What you should do
Set the pictures aside and transcribe exactly the lines from the one containing "La fiesta del" through the final line of the records.

Data for analysis
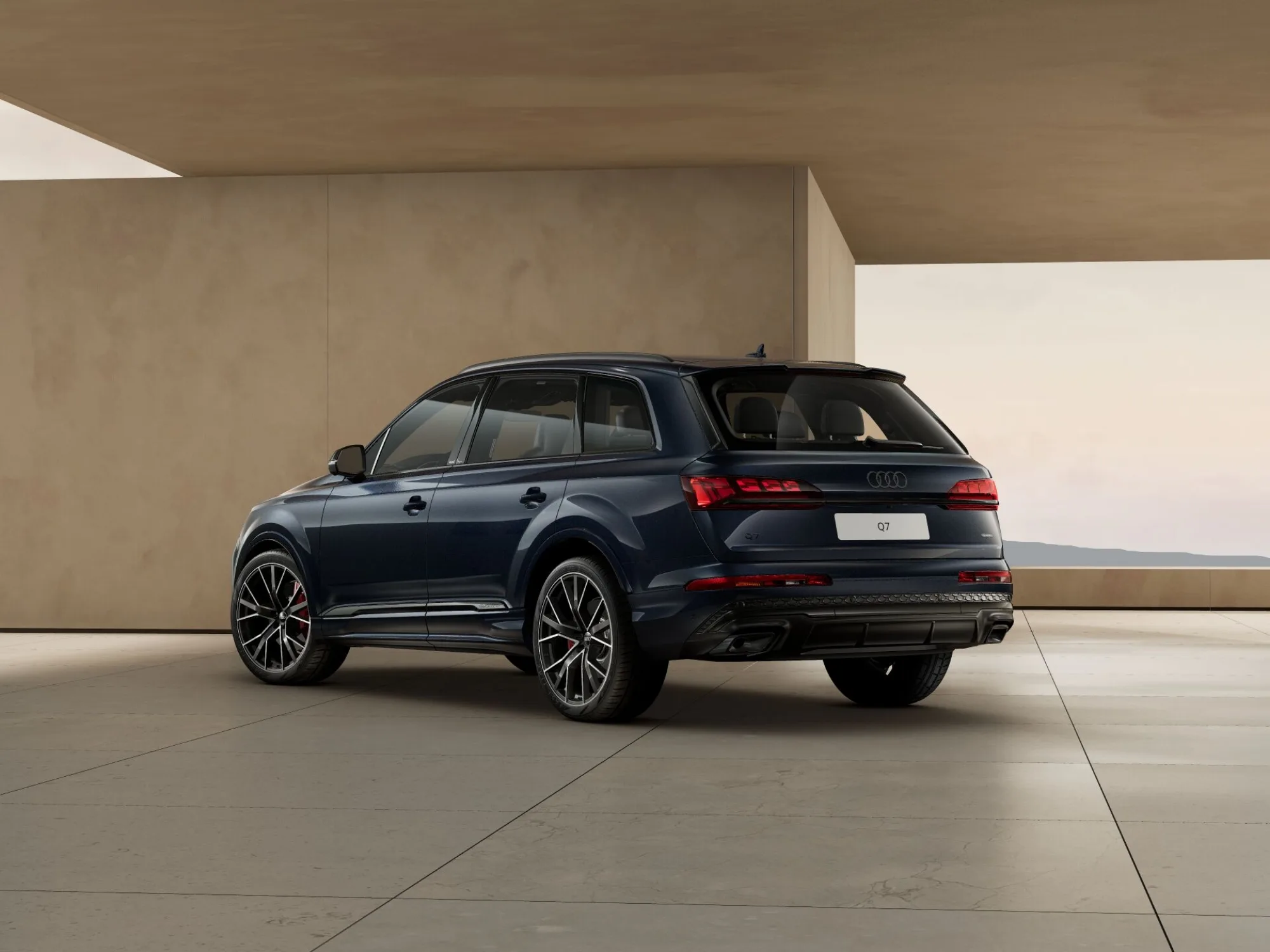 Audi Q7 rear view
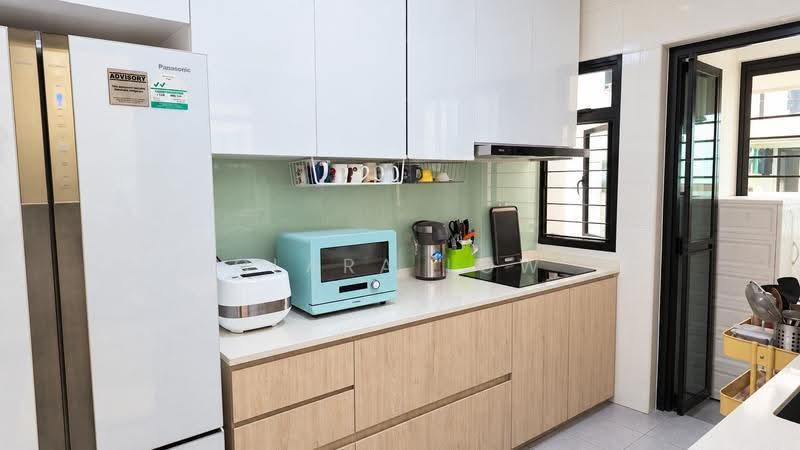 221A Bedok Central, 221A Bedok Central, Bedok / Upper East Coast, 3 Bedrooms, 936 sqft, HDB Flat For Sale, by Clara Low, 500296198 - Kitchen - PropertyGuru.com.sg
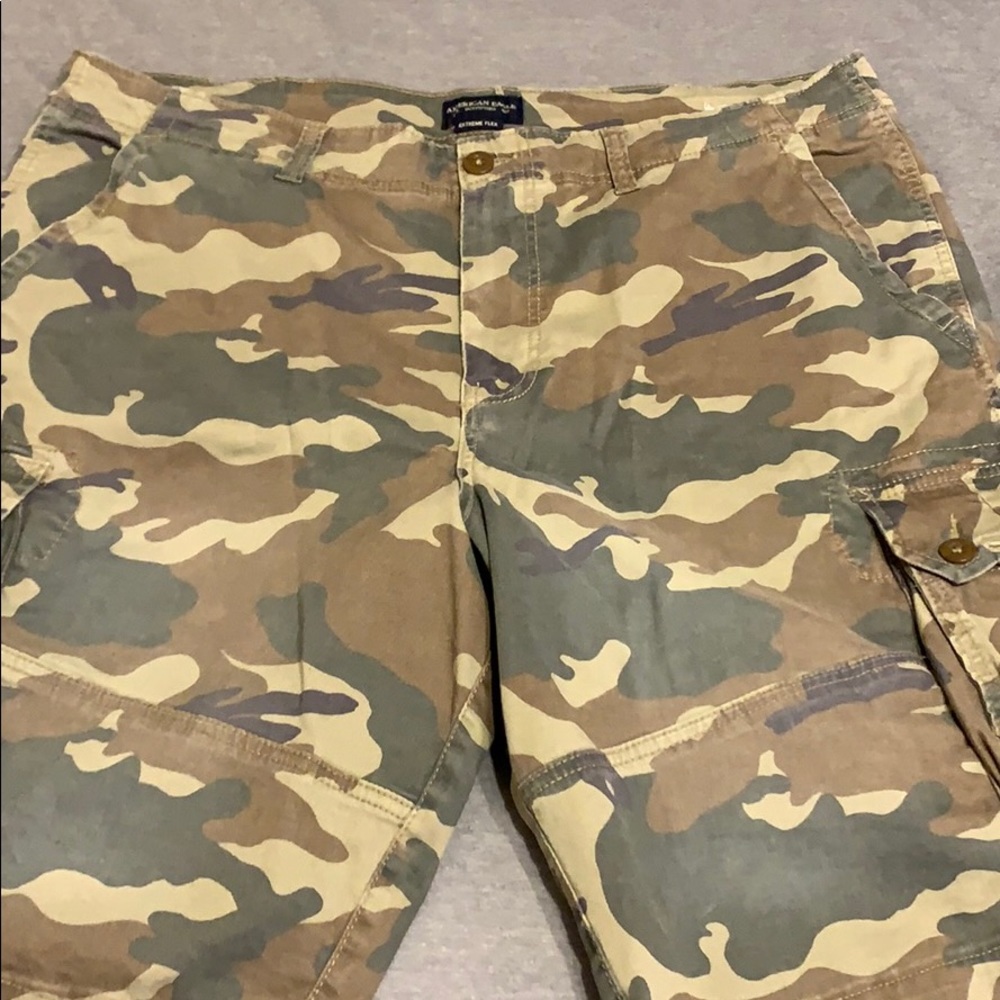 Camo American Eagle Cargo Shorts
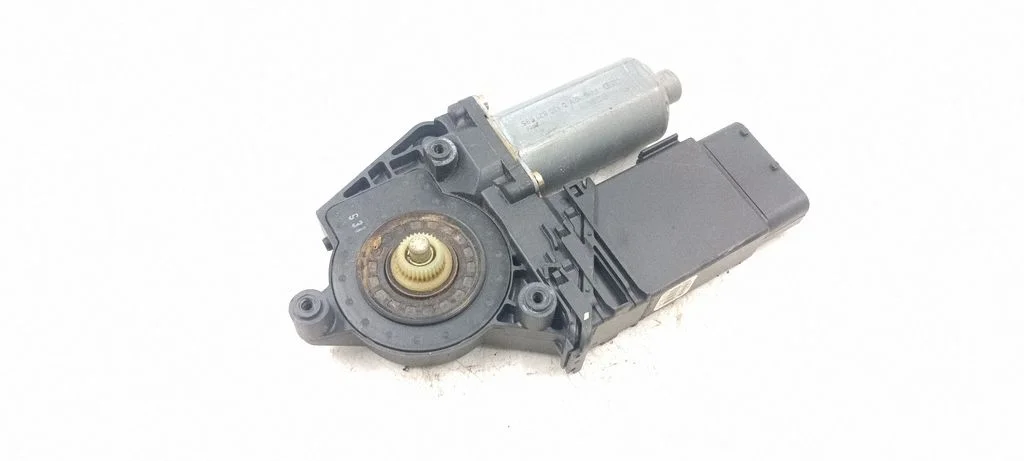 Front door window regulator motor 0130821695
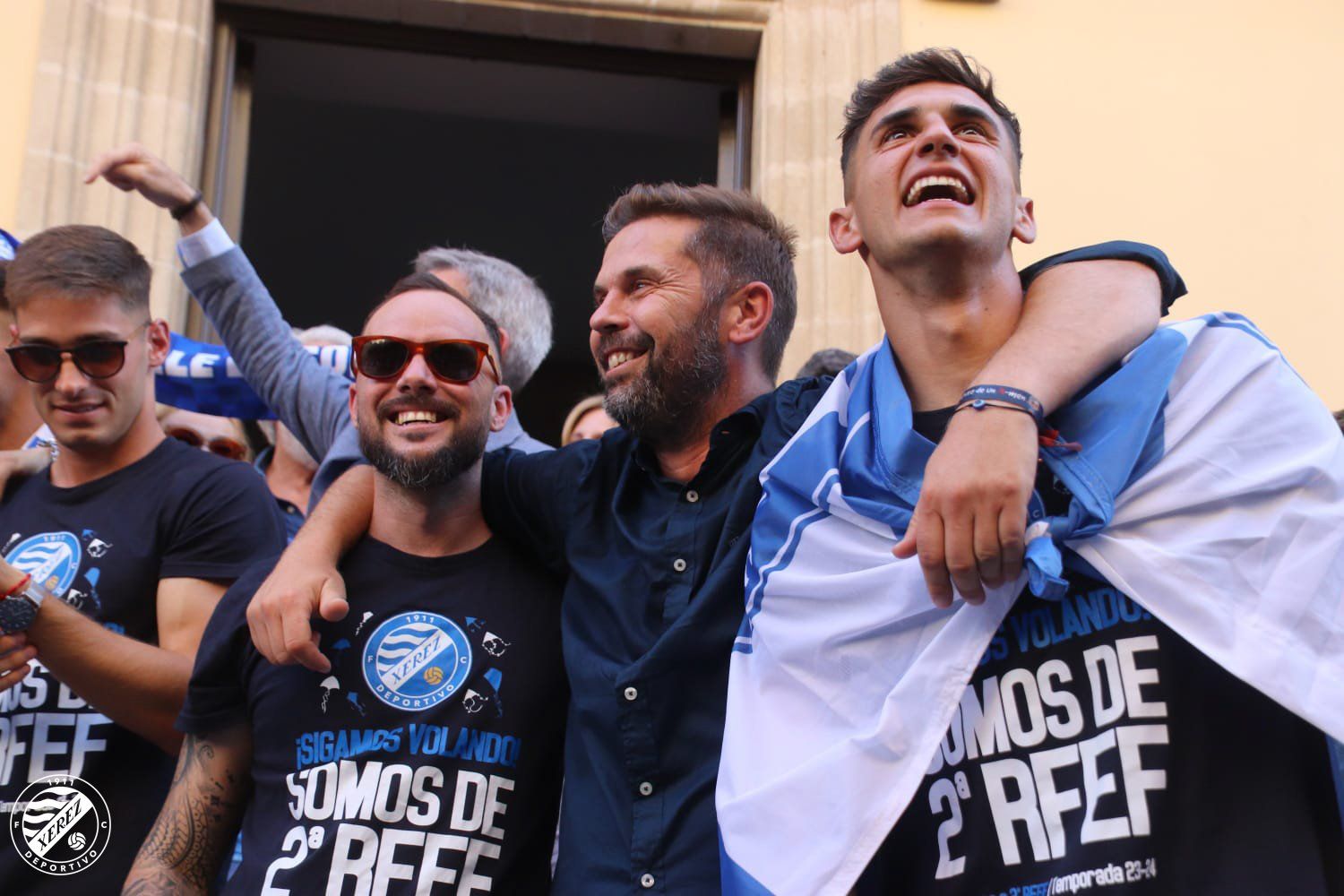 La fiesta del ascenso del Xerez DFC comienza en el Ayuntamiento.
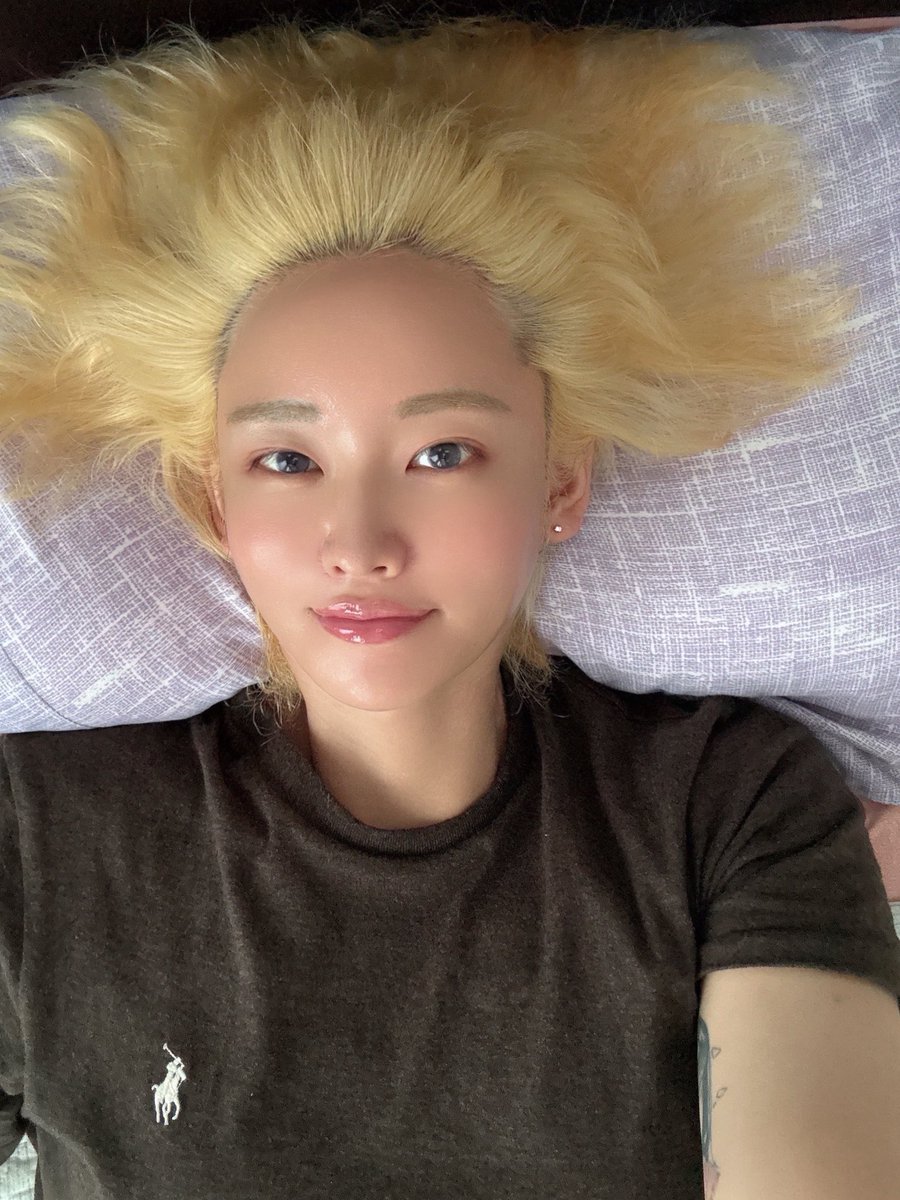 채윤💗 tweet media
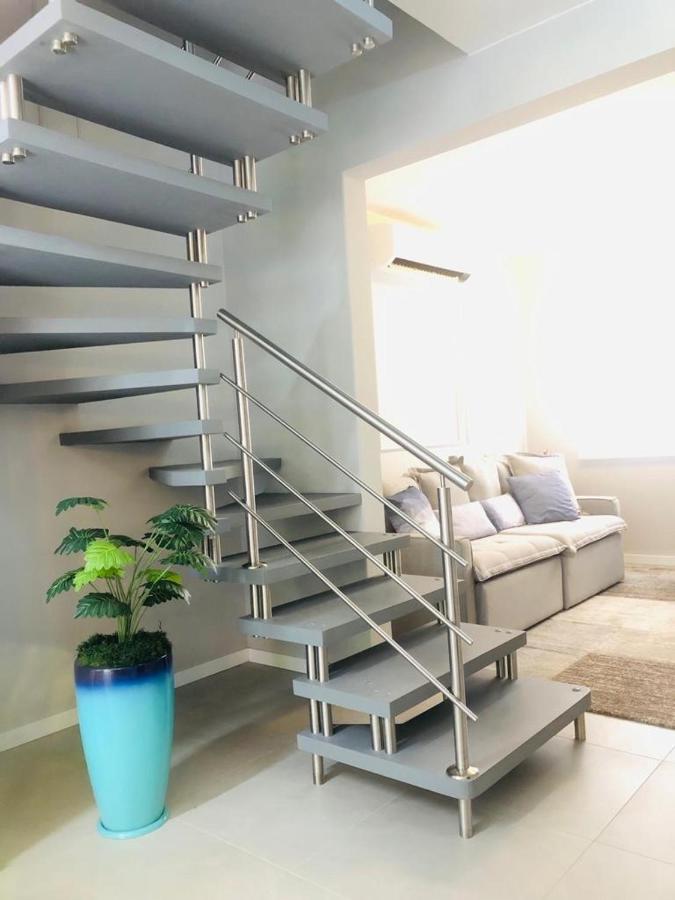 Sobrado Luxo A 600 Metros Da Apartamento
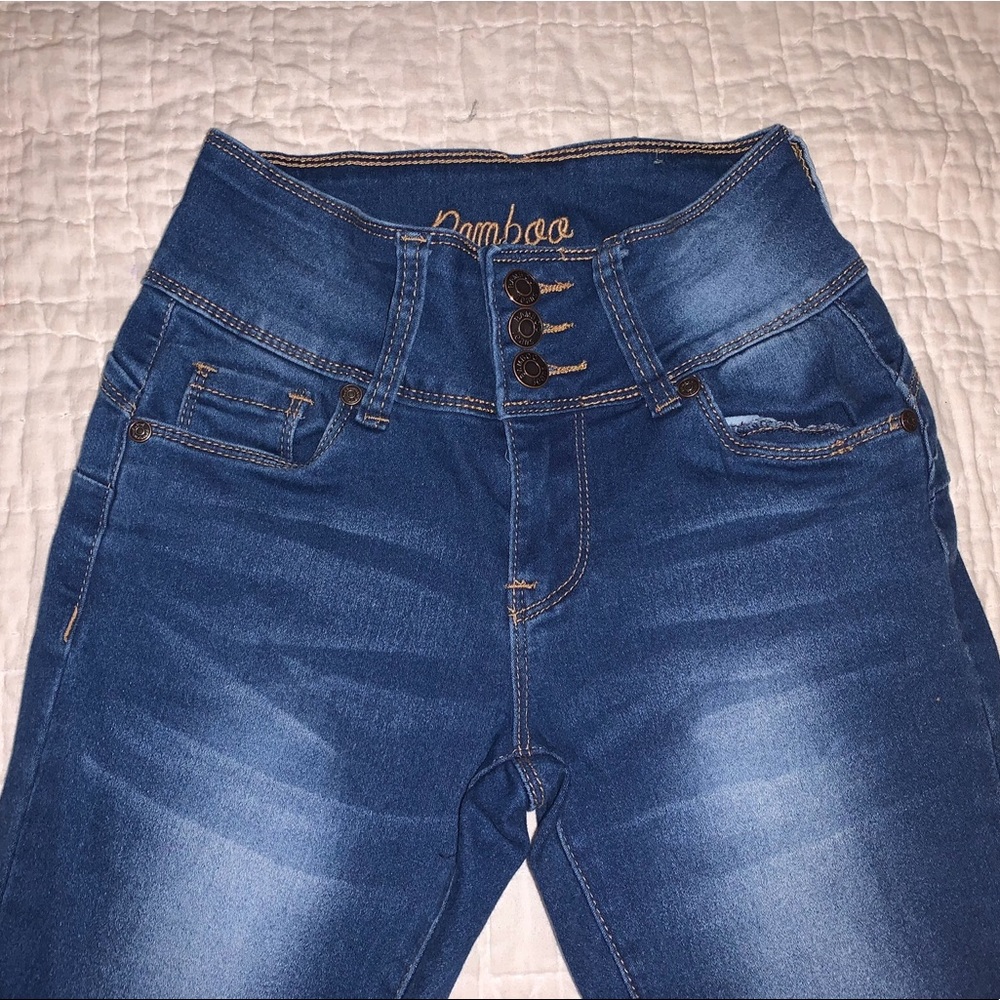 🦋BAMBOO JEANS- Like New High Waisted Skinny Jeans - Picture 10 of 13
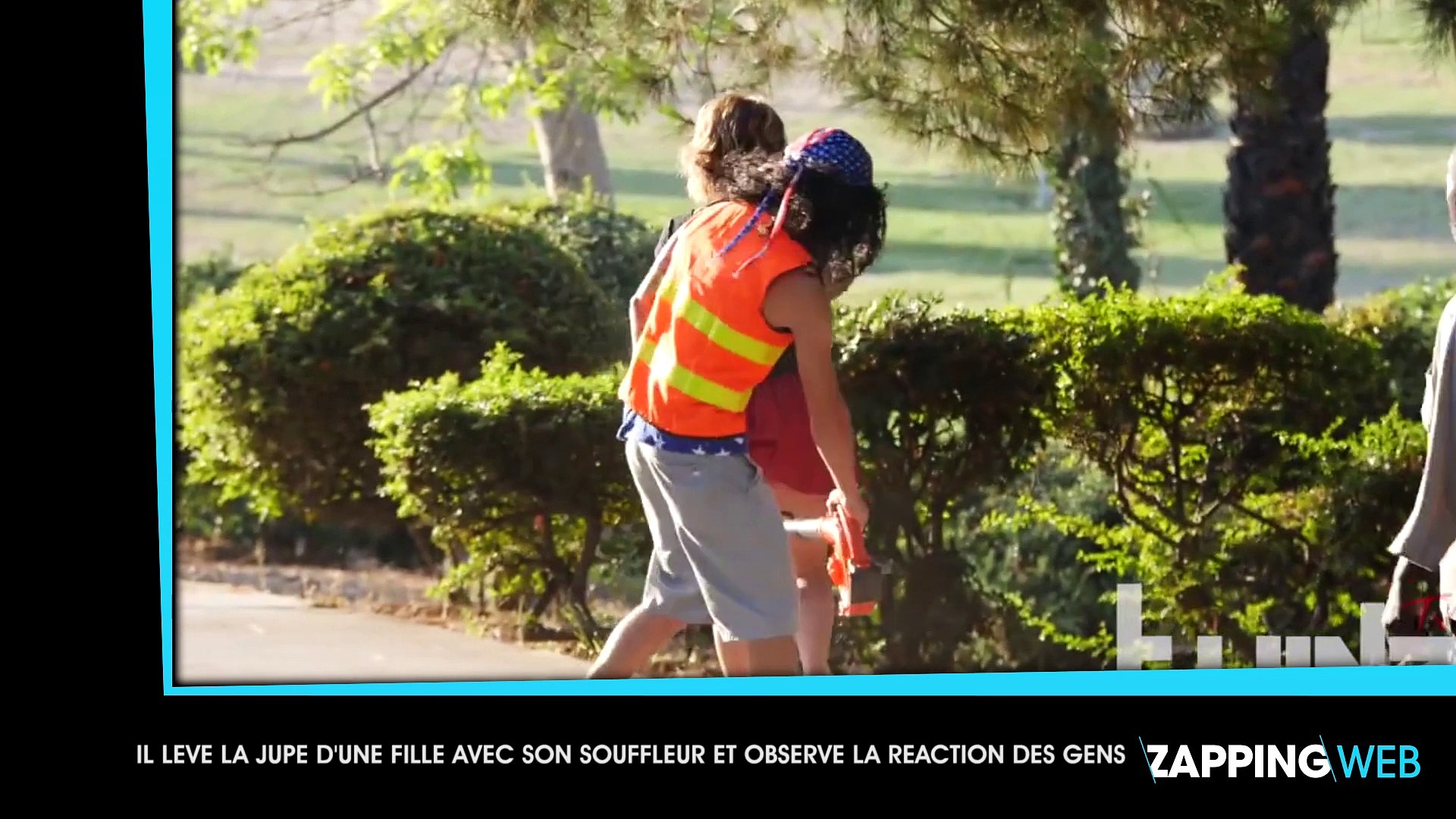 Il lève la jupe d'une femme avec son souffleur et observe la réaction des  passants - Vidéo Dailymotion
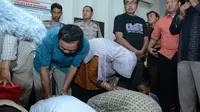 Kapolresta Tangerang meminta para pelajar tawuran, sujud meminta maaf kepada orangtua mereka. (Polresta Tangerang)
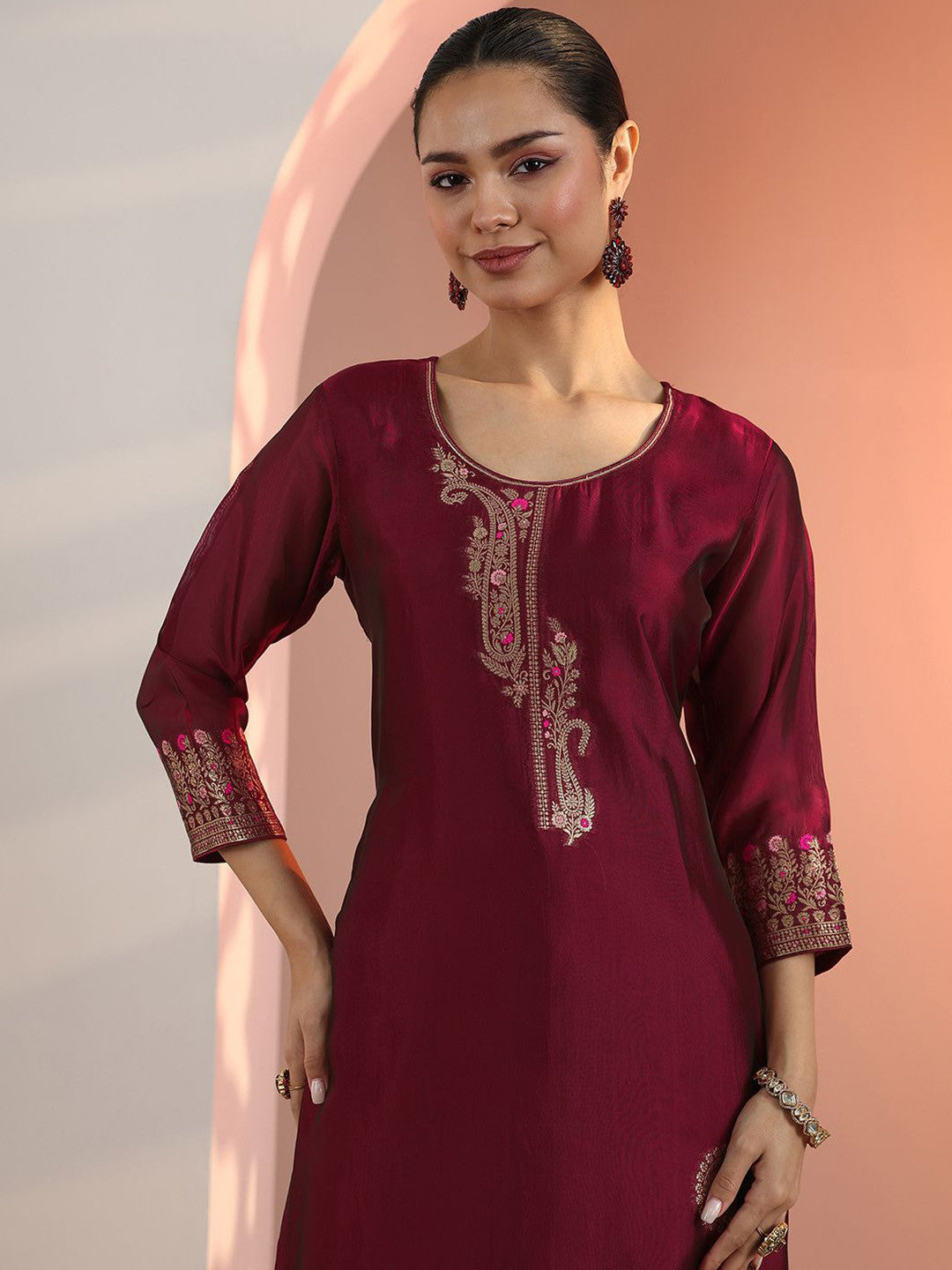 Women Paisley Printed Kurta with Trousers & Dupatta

Result of the exercise
 La fiesta del ascenso del Xerez DFC comienza en el Ayuntamiento.
 채윤💗 tweet media
 Sobrado Luxo A 600 Metros Da Apartamento
 🦋BAMBOO JEANS- Like New High Waisted Skinny Jeans - Picture 10 of 13
 Il lève la jupe d'une femme avec son souffleur et observe la réaction des  passants - Vidéo Dailymotion
 Kapolresta Tangerang meminta para pelajar tawuran, sujud meminta maaf kepada orangtua mereka. (Polresta Tangerang)
 Women Paisley Printed Kurta with Trousers & Dupatta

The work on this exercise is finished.